新監督の妹が、海辺の街の海軍兵士と結婚をした。その関係者からの紹介で、わざわざその大会のためだけにホームステイさせていた。
 外国人は二人いた。ピッチャーとキャッチャーだ。ピッチャーは小学生とは思えないスピードの球を投げる。キャッチャーはどんな球でも打つスラッガーだ。準決勝までは、二人だけで野球をしていたと言っても過言ではない。甲子園で大活躍した後輩も、まるで出番がなかった。

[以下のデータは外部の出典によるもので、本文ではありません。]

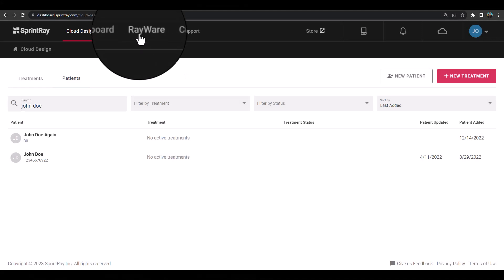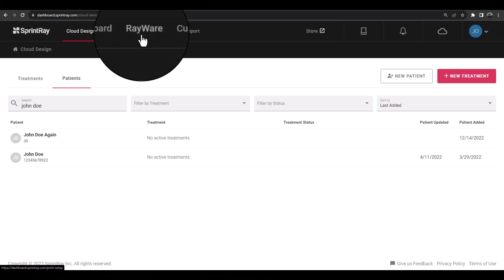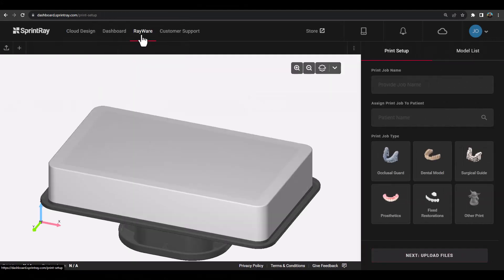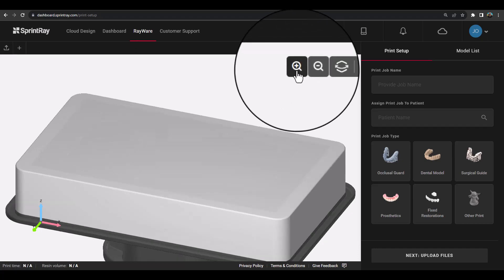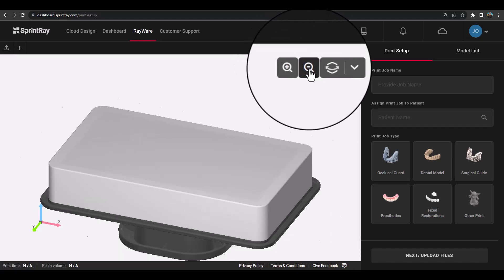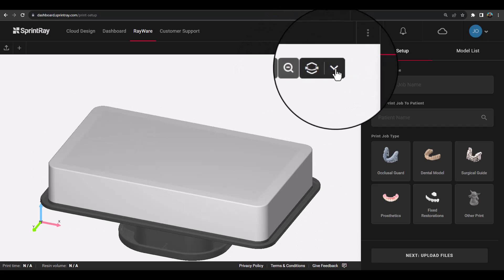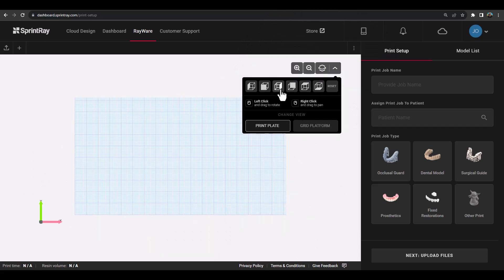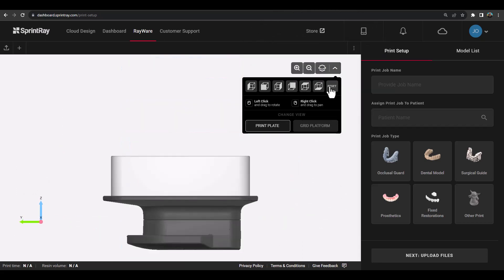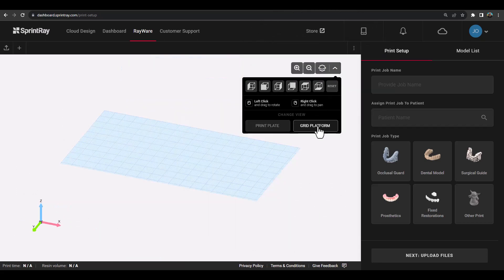To begin, log into your dashboard account and access Rayware using the Rayware tab at the top of the window. Once there, you will see a preview of the print platform and will be able to modify the view controls in the upper right-hand corner of the view window.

 しかし、俺達はそんな奴に黙って敗けを宣言したりはしない。というか、とても燃えたよ。外国人が悪いとは思わないが、そのやり方が気に入らない。新監督は、二人の家族に金を払っている。二人はそれを承知で野球をしている。
 ケンジはこういう状況では普段以上に力を発揮するんだ。
 しかし、身体には限界がある。頑張りすぎたケンジは、途中で肩を痛めてしまった。その後はケイコが奮闘した。試合途中には色々な事件があったんだが、とにかく俺達は勝ったんだ。甲子園の後輩もそれなりに頑張ってはいたが、俺たちの前では力不足だった。まぁ、あいつが必死になっていたのには、勝負とは別の問題があったんだけどな。
 甲子園のあいつは、俺たちのチームに入った一つ下の女子のことが好きだったんだ。野球が上手な方じゃなく、全くの素人の方をだよ。

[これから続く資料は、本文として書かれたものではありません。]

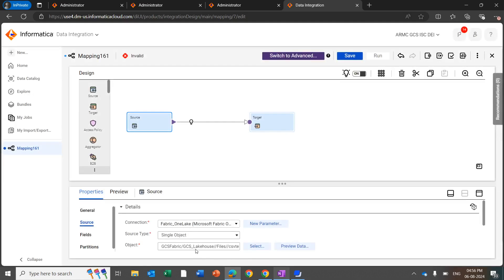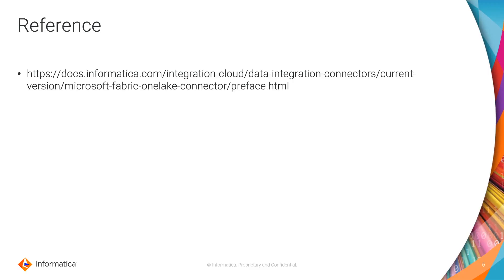I will import this CSV file. You can see we are successfully able to import the file from the workspace using the Fabric OneLake connector. You can use this file as a source or target in a mapping or mapping task in CDI or CDI advanced mode. Please refer to the documentation if you need more details on the Microsoft Fabric OneLake connector.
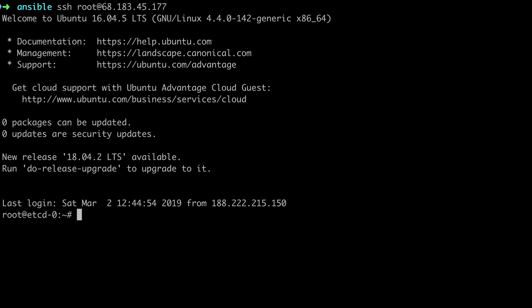The thing is I already have vim installed on this server, so that's not really going to be a great demonstration of what Ansible can do for us.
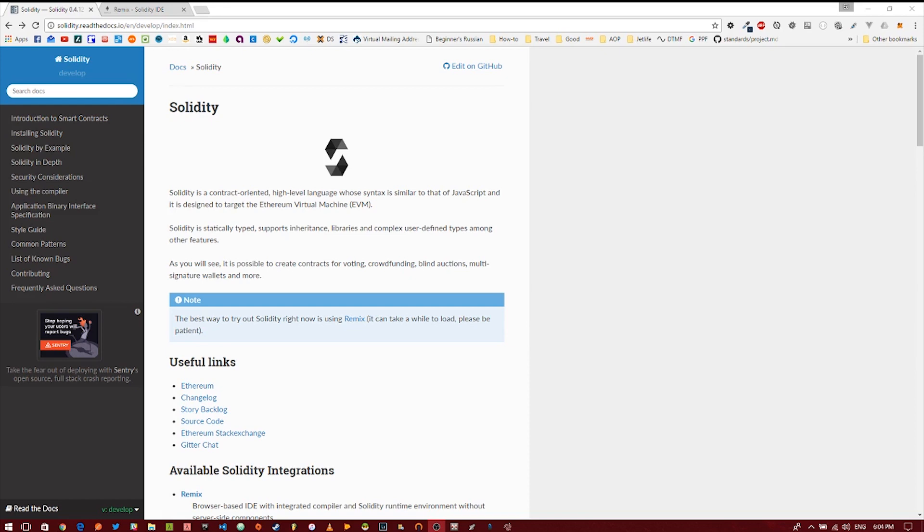Basically just use your imagination and you could probably create a nifty smart contract for it. Now smart contracts in Ethereum are created in a programming language called Solidity, which is created specifically for the Ethereum virtual machine, and it kind of resembles JavaScript. So if you're familiar with JavaScript, getting started with Solidity is probably not that difficult.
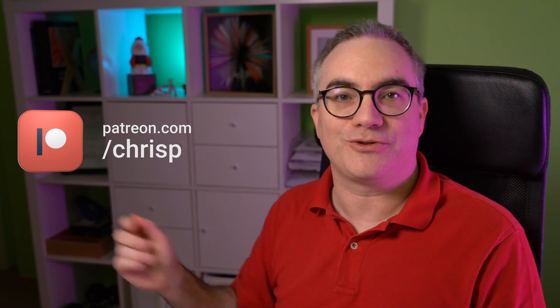That's it for this quick update. Again, you can get the file from patreon.com/chrisp. If you have any questions or suggestions, just write a comment down below. Thanks for watching. Chris P out.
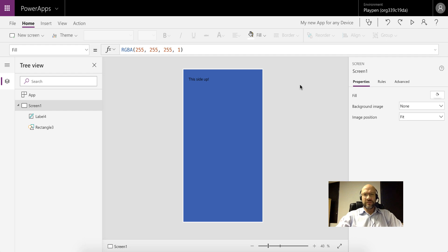Hello everyone and welcome to this video. Today we're going to continue on the topic of PowerApps and responsive designs, but unfortunately today we're going to have to eat the broccoli. This is going to be about the X and Y coordinates, so it's a little bit boring but it is important because we'll definitely be needing it later.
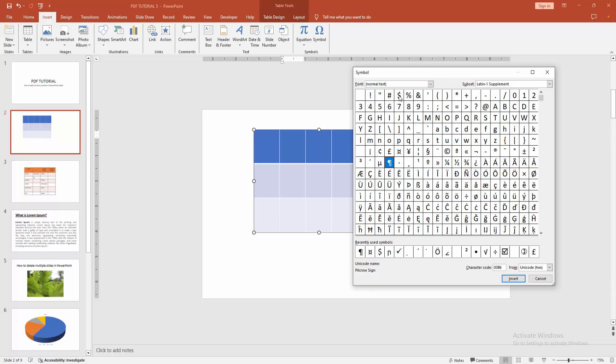Here we can find the dollar symbol, yen symbol,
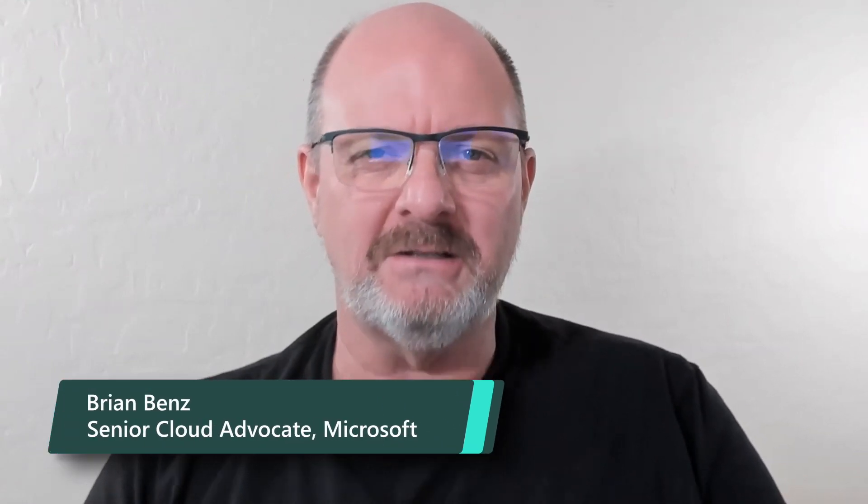Greetings, everyone. Brian Benz here. I'm a cloud advocate at Microsoft, and I'm here to talk to you about deploying Jakarta EE applications to WebSphere Liberty and or OpenLiberty on Azure Kubernetes Service, also known as AKS.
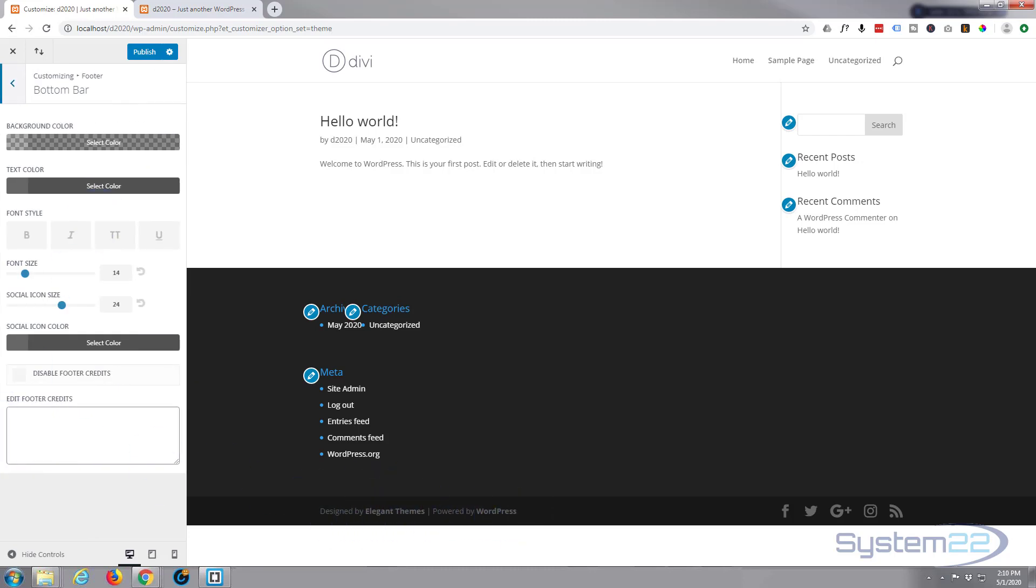It's designed by Elegant Themes. You can put, say, copyright alt zero one six nine is the copyright symbol, my site 2020.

 残念なことに、その子はケンジのことが好きだったんだ。っていうか、もう一人の子もそうだった。二人共、ケンジと一緒にいたくてチームに入ったんだよ。
 この年齢の恋っていうのは、一方的な片想いが多く、大抵はそれで満足するもんなんだ。二人共、そんな感じだった。ケンジのことが好きだっていうのはみえみえだったが、一緒にいるだけで満足をしていた。
 ケンジは二人の気持ちに気付いてはいたが、ごく普通に接していた。特別扱いはせず、避けたりもしなかった。そんなケンジの態度に、二人はさらに好感を持っていたようだ。

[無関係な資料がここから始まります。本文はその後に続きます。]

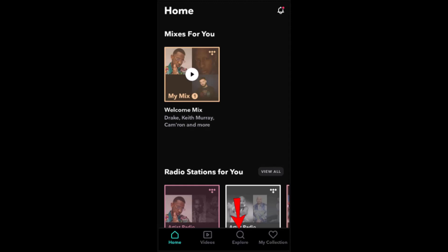Hey everyone, welcome back to another episode. In today's episode, I'll be showing you the steps on how you can block an artist. You can use the Tidal app to mute or block an artist you don't want to listen to.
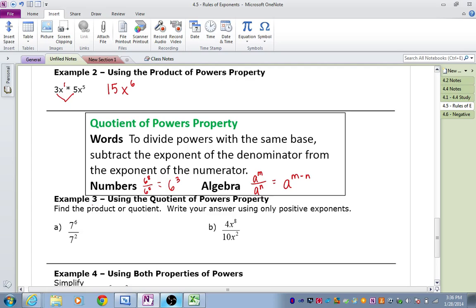Example 3: let's try two fractions. For part A, 7 to the 6th over 7 squared — our base is 7, and we subtract our exponents: 6 minus 2 is 4. That's our answer: 7 to the 4th.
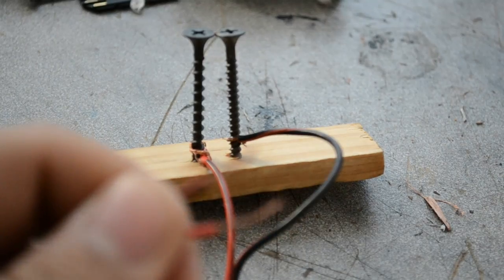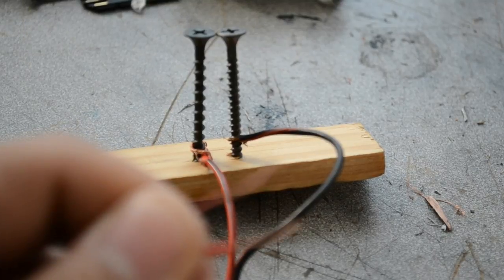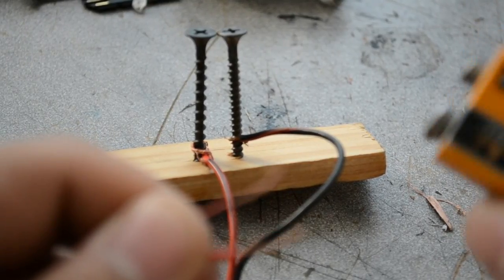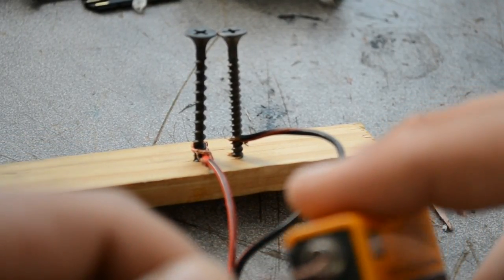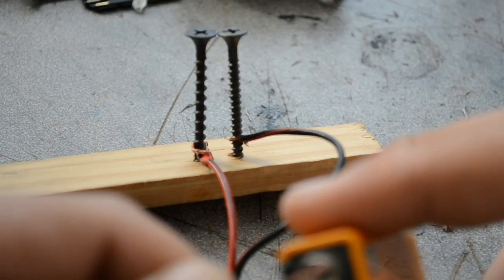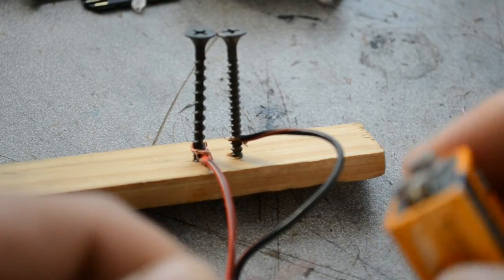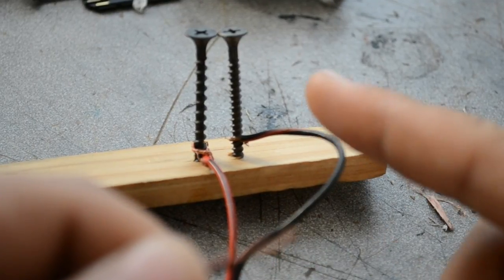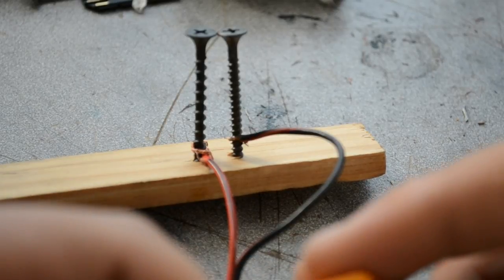And if you check it out we're pretty much done with our spark gap transmitter already. If we just take our power supply and put it into the circuit from the fly swatter you'll see that we get a nice spark between the head of those two nails there.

 しかし、甲子園のあいつは違っていた。素人の子を自分のものにしたく考えていたようだ。まだ小学生だっていうのに、ませたガキだよ。
 甲子園のあいつだってそれほどの馬鹿じゃない。自分の好きな子が、自分を見てくれていないことは分かっていたようだ。ケンジに恋していることを知り、嫉妬心が爆発した。
 絶対に負けたくないっていう思いが強すぎた。甲子園のあいつは、かなりの乱暴なプレイで好きな子を怪我させてしまったんだ。足首の捻挫し、脛の辺りから血を流した。ケンジは本気で怒っていたよ。乱闘騒ぎになるんじゃないかと冷や汗をかいたくらいだからな。
 結局そのプレイが勝敗を決めたともいえた。甲子園のあいつは、その事件をきっかけにプレイの精彩を欠き、それを見ていた外国人までやる気をなくしてしまった。さすがにレディーファーストの国の子供だ。女子を怪我させてまで勝ちたいとは思えなかったようだ。映画の世界ではスポーツが得意なだけで女子にも乱暴な奴らが多いが、現実は必ずしもそうじゃないと知ったよ。外国人に対する偏見はよくないってこともな。
 古巣のチームが低迷している間に、俺達は勝ち越したんだ。それまではゼロゼロだった。ケンジが肩を痛めてファーストにまわっていたから、相手にとってはチャンスだったはずなんだ。ケイコは必死だった。やる気をなくしたあいつらには決して打てない球を投げていた。
 そのまま勝ち逃げっていうのもありだったが、あいつらは最終回になり、やる気を取り戻した。そのきっかけは、素人の子だったんだよな。